Exercise goal: Take the lines below from the one with "Fonds de commerce pizzeria 83 m²" through the one with "Audi Q3 Sportback" and retype them exactly. Include nothing else, and no pictures.

Task input:

==========

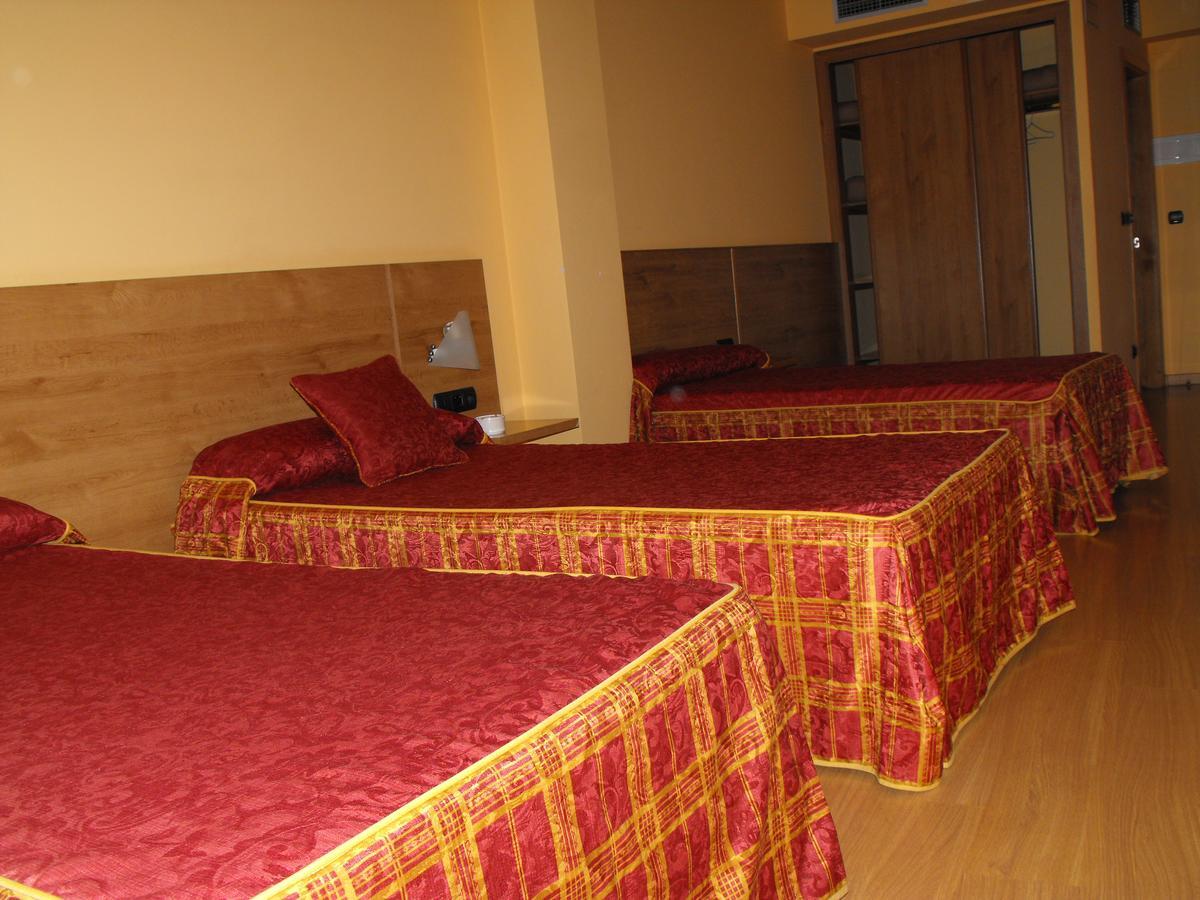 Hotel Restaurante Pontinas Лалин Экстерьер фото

==========

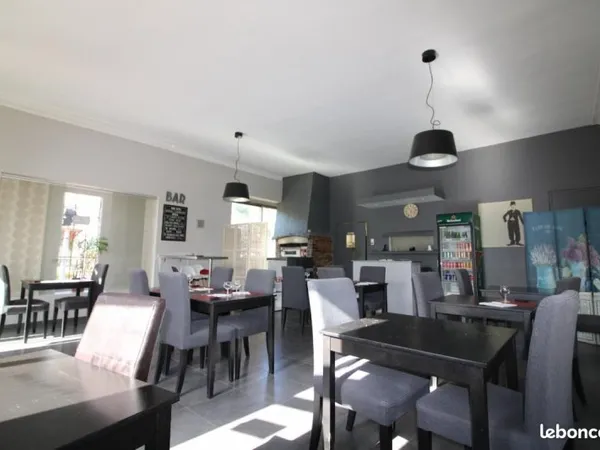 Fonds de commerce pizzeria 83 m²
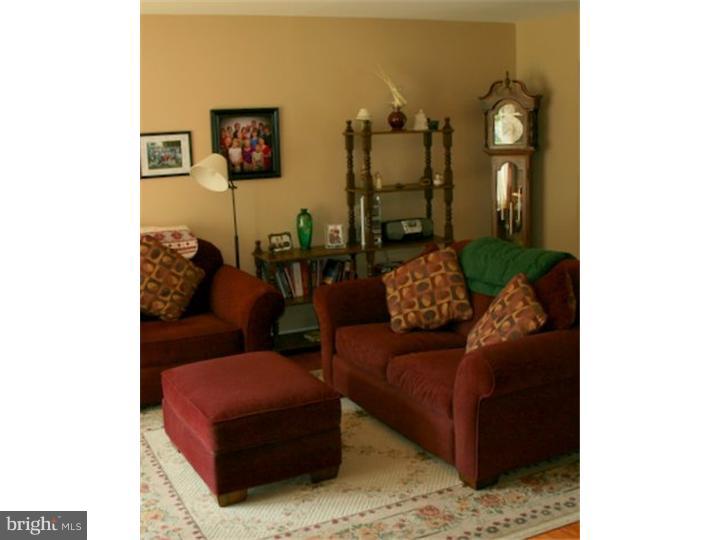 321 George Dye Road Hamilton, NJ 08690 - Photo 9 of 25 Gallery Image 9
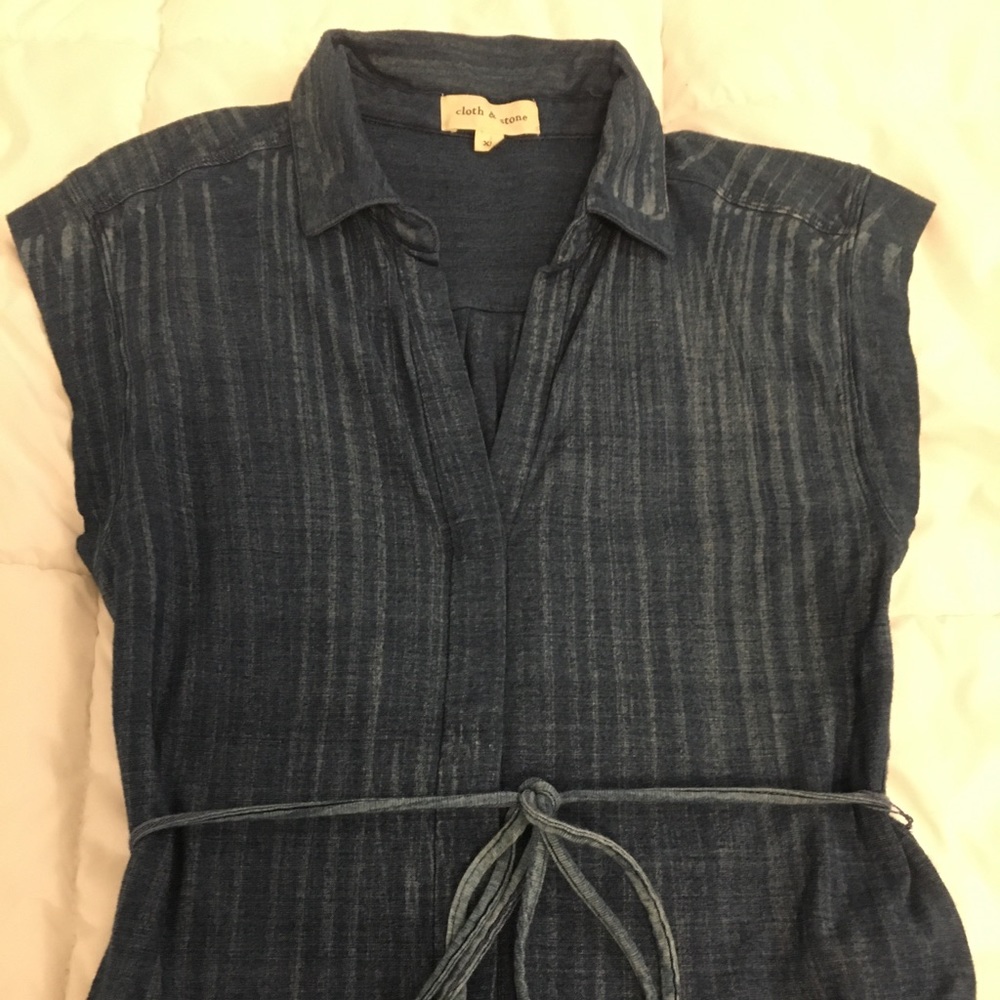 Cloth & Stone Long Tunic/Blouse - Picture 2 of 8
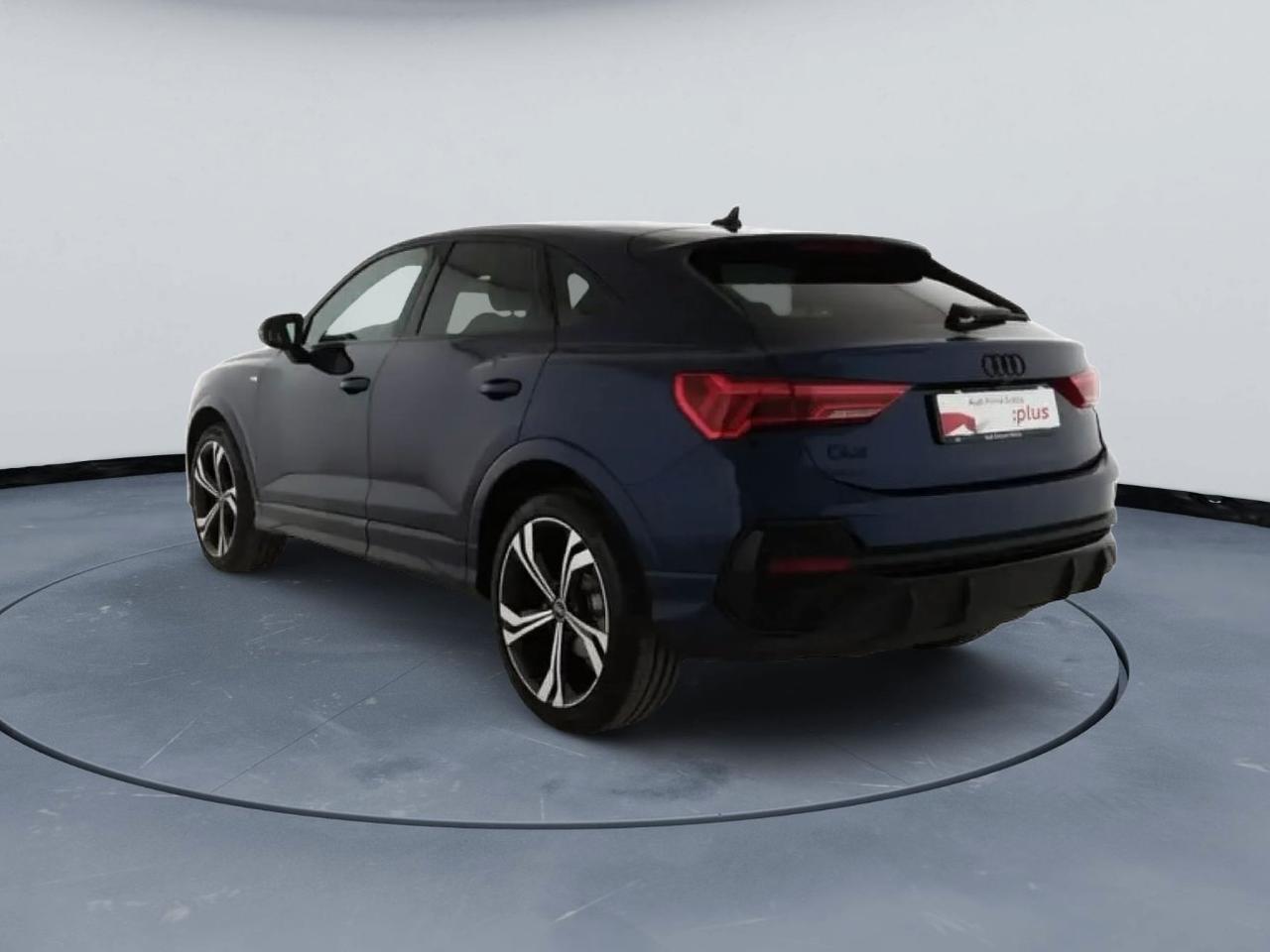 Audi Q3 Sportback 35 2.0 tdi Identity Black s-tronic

==========

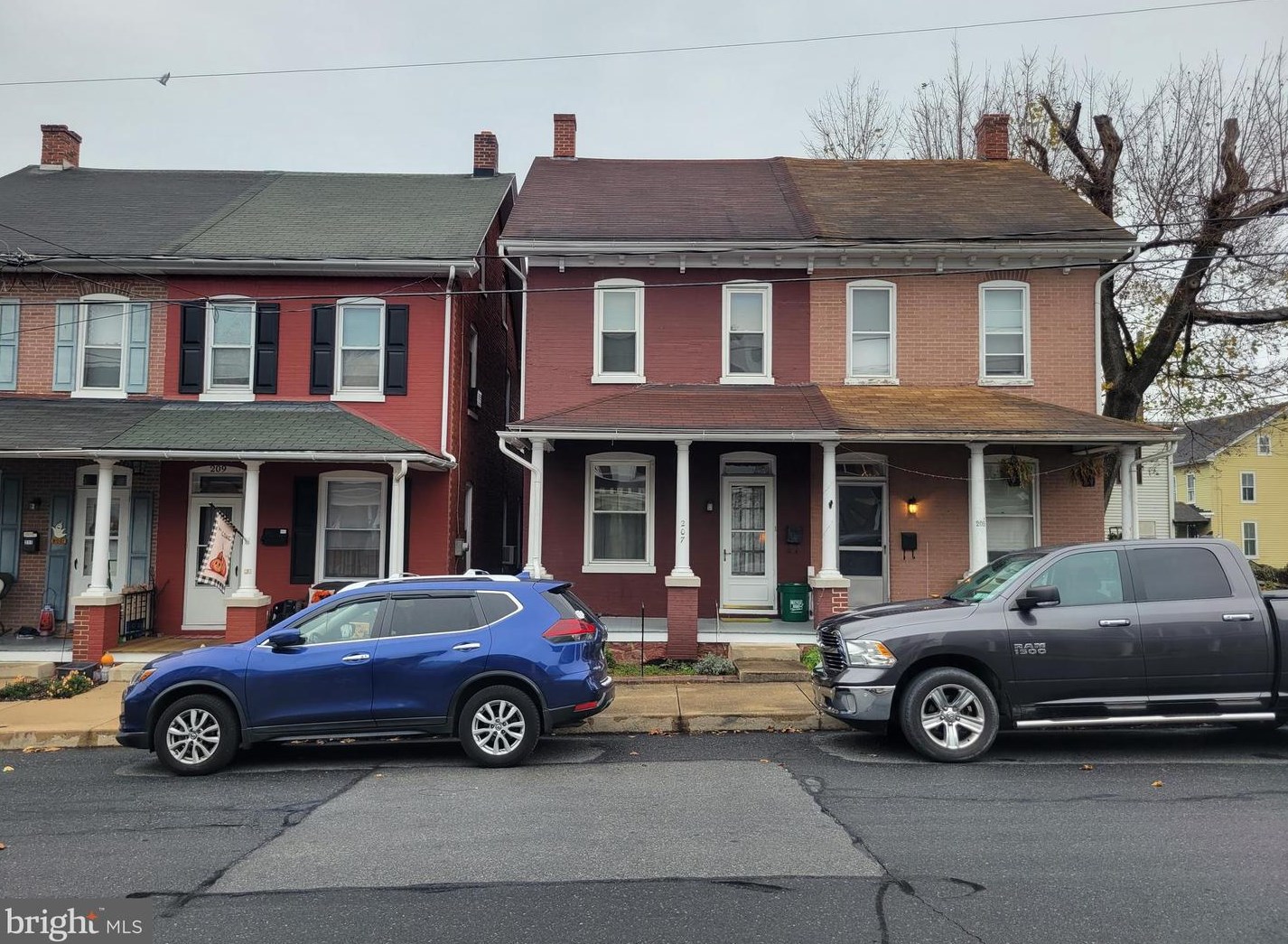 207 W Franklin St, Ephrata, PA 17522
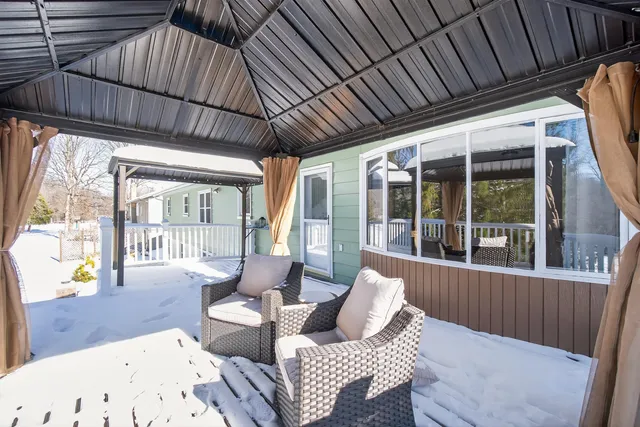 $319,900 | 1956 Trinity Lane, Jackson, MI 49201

==========

Solution:
 Fonds de commerce pizzeria 83 m²
 321 George Dye Road Hamilton, NJ 08690 - Photo 9 of 25 Gallery Image 9
 Cloth & Stone Long Tunic/Blouse - Picture 2 of 8
 Audi Q3 Sportback 35 2.0 tdi Identity Black s-tronic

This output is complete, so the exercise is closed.